[Short descriptive text snippets]

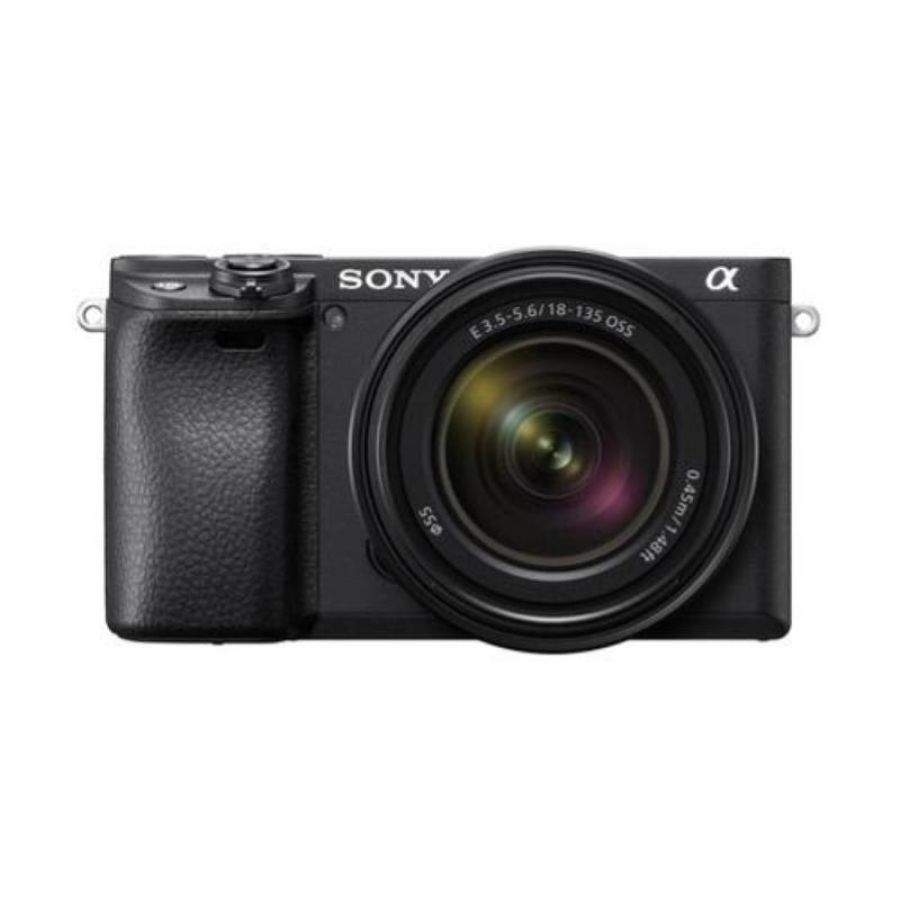 Kit fotocamera mirrorless sony alpha a6400 + obiettivo 16-50mm (ilce-6400lb) - menu italiano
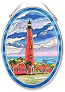 Ponce de Leon Inlet Large Oval Stained Glass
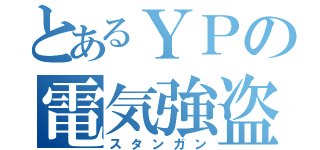 とあるＹＰの電気強盗（スタンガン）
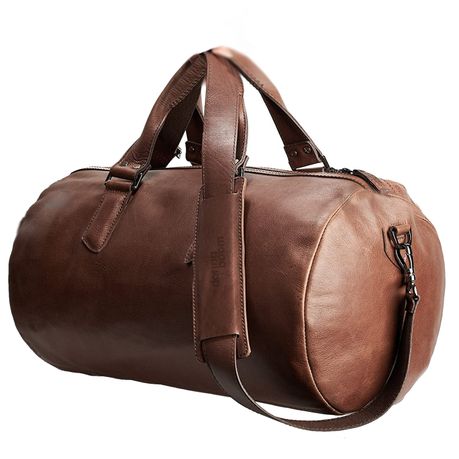 Pure leather duffle online bag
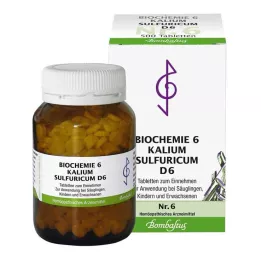 BIOCHEMIE 6 Kalium sulfuricum D 6 tablettia, 500 kpl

What you will do: Images are to be excluded, and each record above written out word for word.

Output of the task:
 Kit fotocamera mirrorless sony alpha a6400 + obiettivo 16-50mm (ilce-6400lb) - menu italiano
 Ponce de Leon Inlet Large Oval Stained Glass
 とあるＹＰの電気強盗（スタンガン）
 Pure leather duffle online bag
 BIOCHEMIE 6 Kalium sulfuricum D 6 tablettia, 500 kpl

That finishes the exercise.